*AIM OF THE EXERCISE*: Set down all of the lines below exactly as they are given.
• • • • •
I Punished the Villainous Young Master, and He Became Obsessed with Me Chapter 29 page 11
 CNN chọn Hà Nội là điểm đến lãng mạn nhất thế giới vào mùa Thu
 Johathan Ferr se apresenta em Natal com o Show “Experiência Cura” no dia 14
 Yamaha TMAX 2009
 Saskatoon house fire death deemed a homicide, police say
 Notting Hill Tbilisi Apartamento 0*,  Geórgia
• • • • •
*SOLVED EXERCISE*:
I Punished the Villainous Young Master, and He Became Obsessed with Me Chapter 29 page 11
 CNN chọn Hà Nội là điểm đến lãng mạn nhất thế giới vào mùa Thu
 Johathan Ferr se apresenta em Natal com o Show “Experiência Cura” no dia 14
 Yamaha TMAX 2009
 Saskatoon house fire death deemed a homicide, police say
 Notting Hill Tbilisi Apartamento 0*,  Geórgia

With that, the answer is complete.